Problem requirements: Beneath this line are the data; copy exactly the part of them that opens with the line containing "Hey guys, what's" and closes with the line containing "Here we have", and only that part.

Records for the task:
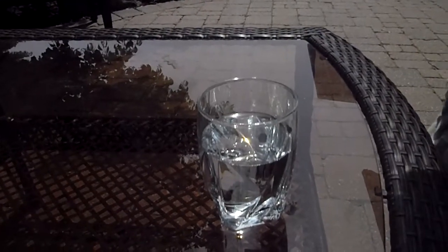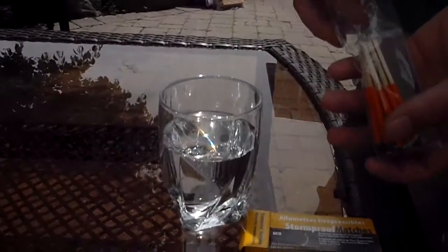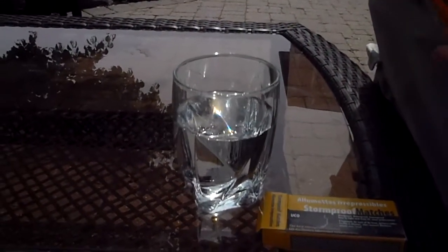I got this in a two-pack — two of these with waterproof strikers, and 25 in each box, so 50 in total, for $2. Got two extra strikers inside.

* * *

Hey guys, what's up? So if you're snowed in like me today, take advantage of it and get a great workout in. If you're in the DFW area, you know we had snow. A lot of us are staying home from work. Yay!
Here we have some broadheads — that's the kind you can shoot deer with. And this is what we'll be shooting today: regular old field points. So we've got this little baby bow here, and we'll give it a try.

Written solution:
Hey guys, what's up? So if you're snowed in like me today, take advantage of it and get a great workout in. If you're in the DFW area, you know we had snow. A lot of us are staying home from work. Yay!
Here we have some broadheads — that's the kind you can shoot deer with. And this is what we'll be shooting today: regular old field points. So we've got this little baby bow here, and we'll give it a try.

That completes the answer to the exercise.